* **Information shown**
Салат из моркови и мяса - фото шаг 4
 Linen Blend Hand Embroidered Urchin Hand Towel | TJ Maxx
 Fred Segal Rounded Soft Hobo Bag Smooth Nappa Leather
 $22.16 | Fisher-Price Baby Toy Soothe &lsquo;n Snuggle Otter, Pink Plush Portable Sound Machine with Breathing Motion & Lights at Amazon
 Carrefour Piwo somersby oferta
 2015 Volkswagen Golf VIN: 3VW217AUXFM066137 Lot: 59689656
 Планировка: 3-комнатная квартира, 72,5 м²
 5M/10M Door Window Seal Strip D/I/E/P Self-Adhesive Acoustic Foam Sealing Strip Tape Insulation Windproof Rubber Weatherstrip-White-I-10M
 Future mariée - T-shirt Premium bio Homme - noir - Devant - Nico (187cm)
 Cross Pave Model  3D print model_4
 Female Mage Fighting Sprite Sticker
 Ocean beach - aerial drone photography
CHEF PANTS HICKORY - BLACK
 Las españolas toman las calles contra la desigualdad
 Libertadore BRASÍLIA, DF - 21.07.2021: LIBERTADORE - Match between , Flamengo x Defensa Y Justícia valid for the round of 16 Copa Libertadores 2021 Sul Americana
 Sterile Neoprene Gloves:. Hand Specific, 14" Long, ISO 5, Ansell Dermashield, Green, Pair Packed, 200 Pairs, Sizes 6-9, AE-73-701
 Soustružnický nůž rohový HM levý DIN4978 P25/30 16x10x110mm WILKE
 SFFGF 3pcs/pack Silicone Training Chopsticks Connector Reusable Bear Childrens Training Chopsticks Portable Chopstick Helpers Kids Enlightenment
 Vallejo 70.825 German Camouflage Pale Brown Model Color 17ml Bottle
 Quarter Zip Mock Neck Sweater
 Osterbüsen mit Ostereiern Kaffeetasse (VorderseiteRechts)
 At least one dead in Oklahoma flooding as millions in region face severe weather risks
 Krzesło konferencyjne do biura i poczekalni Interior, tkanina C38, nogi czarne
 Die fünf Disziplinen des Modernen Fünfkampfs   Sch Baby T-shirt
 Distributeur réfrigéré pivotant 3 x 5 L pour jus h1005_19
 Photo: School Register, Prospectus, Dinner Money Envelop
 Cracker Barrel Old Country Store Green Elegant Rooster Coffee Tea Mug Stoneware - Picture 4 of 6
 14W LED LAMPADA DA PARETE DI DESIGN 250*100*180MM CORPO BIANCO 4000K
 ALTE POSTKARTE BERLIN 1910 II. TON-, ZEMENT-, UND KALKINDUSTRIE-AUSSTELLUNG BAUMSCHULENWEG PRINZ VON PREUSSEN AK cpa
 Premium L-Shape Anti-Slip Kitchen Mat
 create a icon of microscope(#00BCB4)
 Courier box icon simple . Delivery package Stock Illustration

* **Work to be completed**
Copy each line of the listing that contains the string "Premium".

* **Answer to this task**
 Future mariée - T-shirt Premium bio Homme - noir - Devant - Nico (187cm)
 Premium L-Shape Anti-Slip Kitchen Mat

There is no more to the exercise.